2. On 6 September 2012, it was reported in the media that a British businessman Karl Watkin had instructed solicitors to commence a private prosecution of Babar Ahmad.
3. In 2005, District Judge Timothy Workman, then the most senior extradition judge in the UK, said about Babar Ahmad’s case. “This is a difficult and troubling case. The defendant is a British Citizen who is alleged to have committed offences which if the evidence were available, could have been prosecuted in this country.”

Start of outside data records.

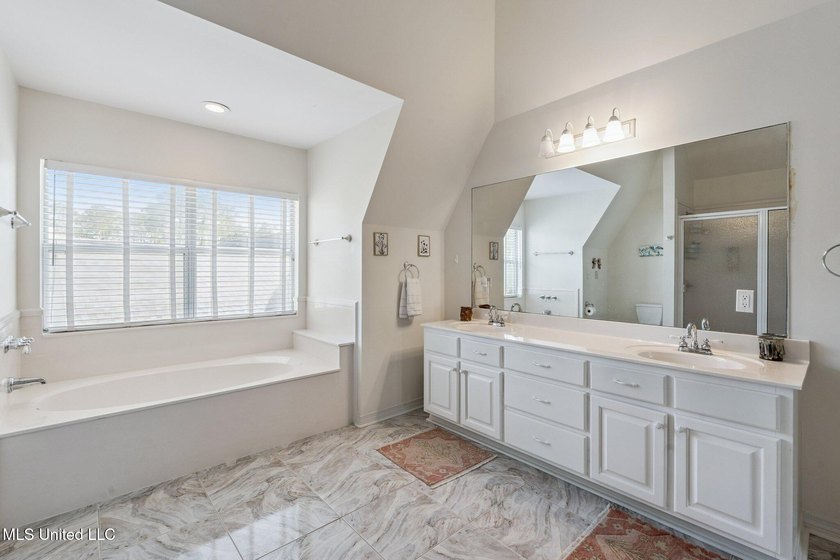 Glorious waterfront property in Pass Christian! This three - photo 16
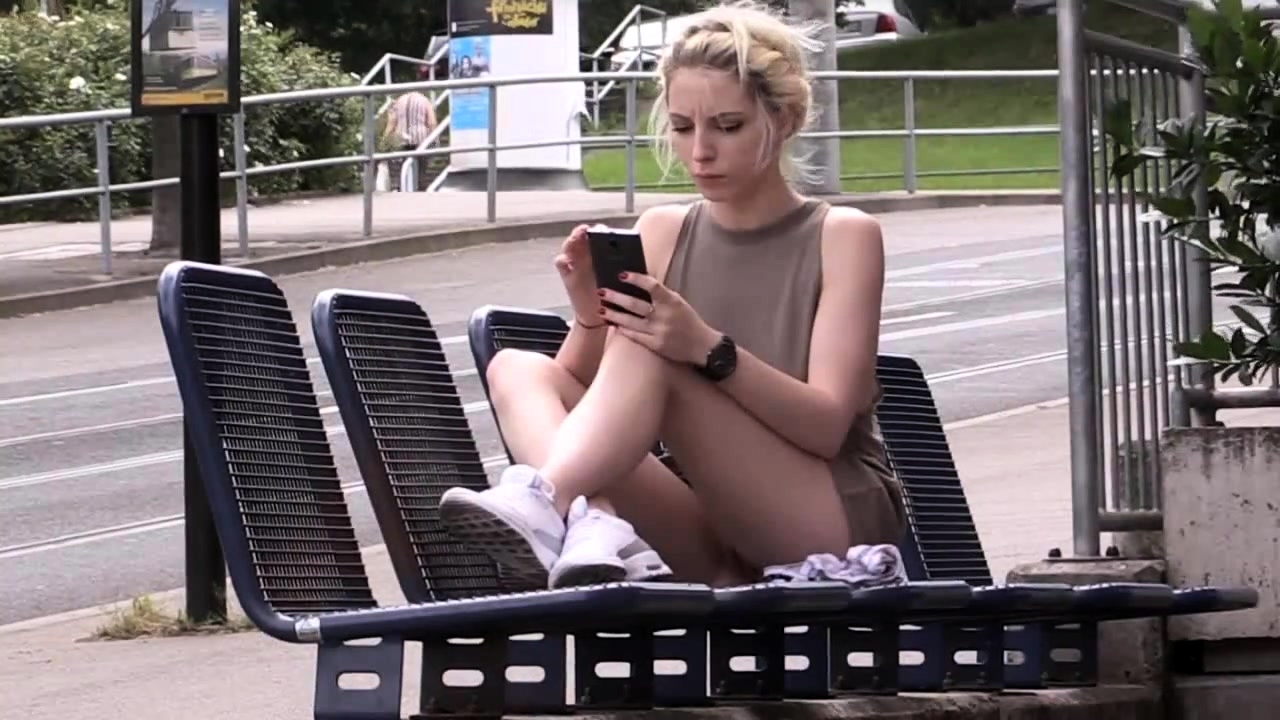 Blonde Teen Public - Pretty Blonde Teen Exposes Her Tight Slit In A Public Place ...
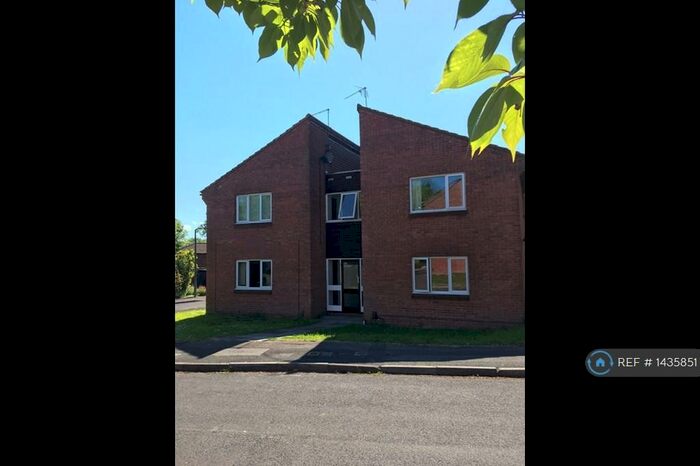Studio To Rent In Stonefield Close, Eastleaze, Swindon, SN5
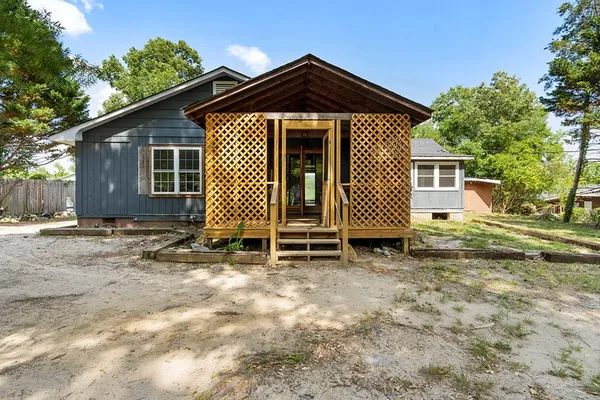 $159,900 | 1060 Virginia Circle, Waterloo, SC 29384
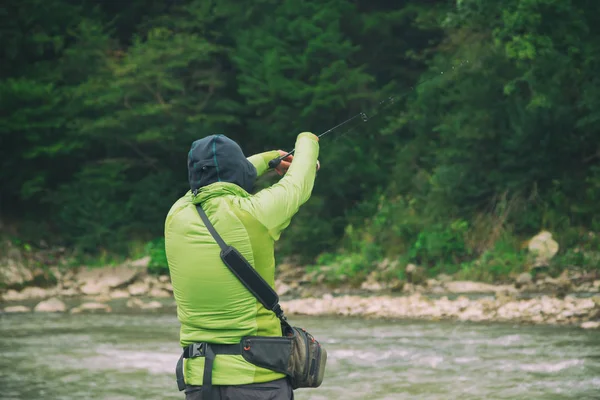 Forellenfischen auf dem Fluss — Stockfoto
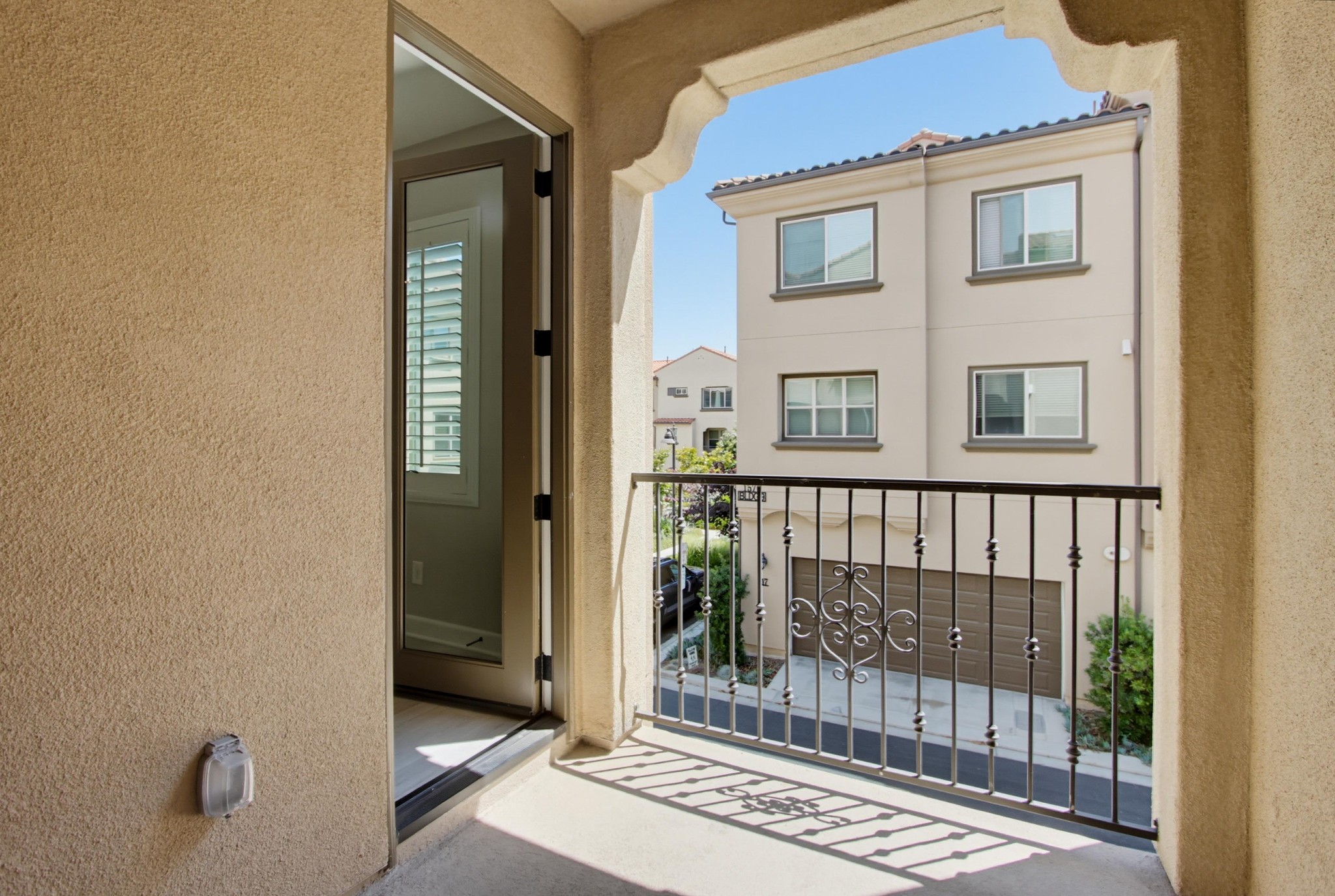 Virtual tour photo 27 of 56 for 1577 Castillo Way #8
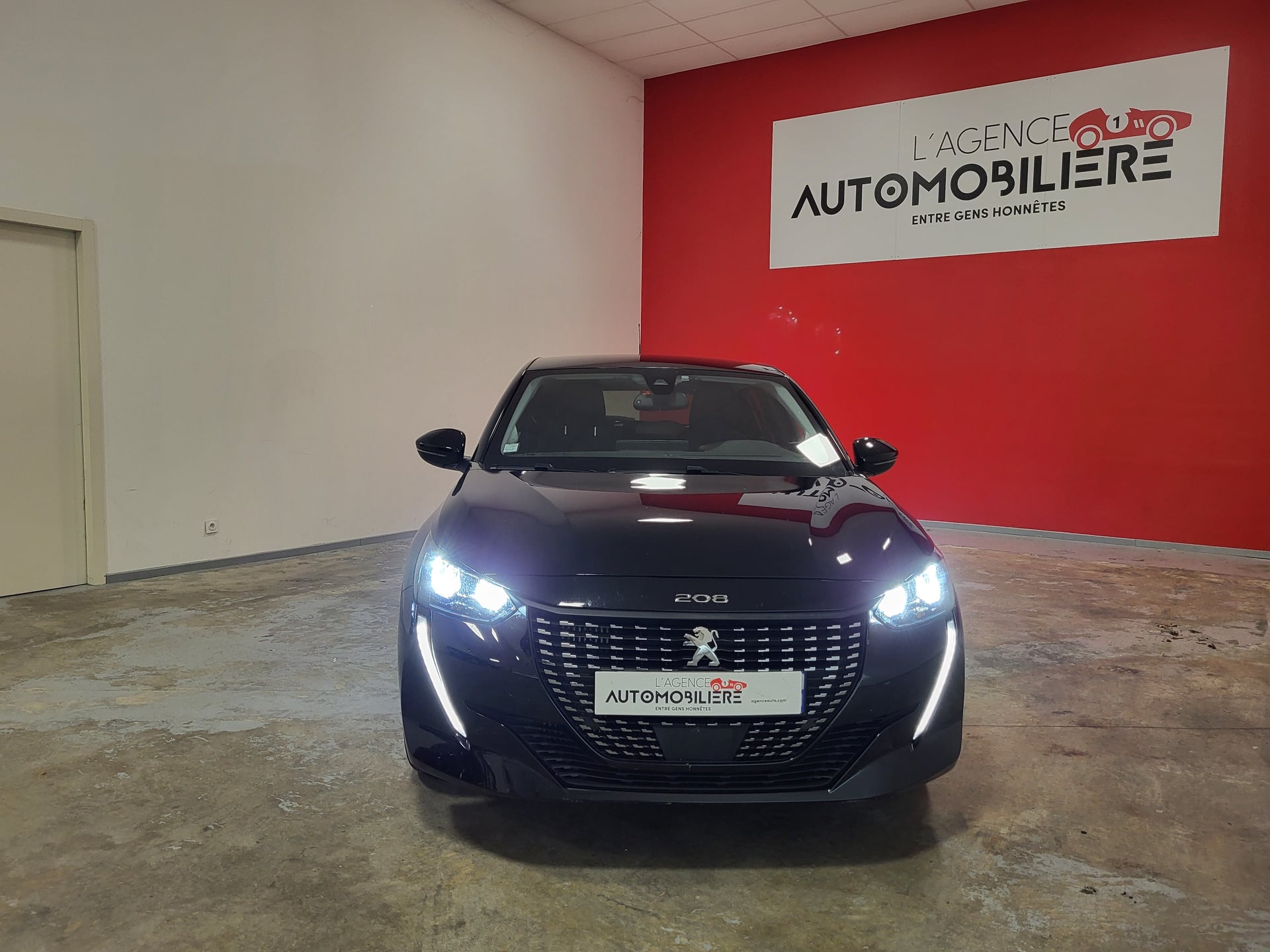 Peugeot 208 II 1.2 PURETECH 100 S&S ROADTRIP EAT8 - Apple CARPLAY - Digital Cockpit — 2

4. On 22 November 2011, the Crown Prosecution Service admitted that it had never reviewed all the evidence seized from Babar Ahmad’s home before it was sent to the US authorities. The CPS has nevertheless repeatedly refused to prosecute Babar Ahmad in the UK claiming that there is “insufficient evidence”. On 24 November 2011, Caroline Lucas MP called for a full public inquiry into the handling of the evidence.
5. A full parliamentary debate on urgently reforming British extradition laws took place on 5 December 2011 with the motion being passed without a vote. The debate came as a result of an e-petition to put Babar Ahmad on trial in the UK securing over 149,000 signatures within 3 months. The e-petition can be viewed at http://epetitions.direct.gov.uk/petitions/885 .
6. On 22 June 2011, the Parliamentary Joint Committee on Human Rights explicitly raised concerns over Babar Ahmad’s case in its report in ‘The Human Rights Implications of U.K extradition policy’ and recommended that the government urgently re-negotiate the UK- US extradition of individuals in Babar Ahmad’s position.
7. During his arrest in London in 2003, Babar Ahmad sustained over 73 injuries. In March 2009, the Metropolitan Police admitted carrying out this abuse and paid him £60,000 compensation. Four police officers later stood trial over this attack but were found not guilty.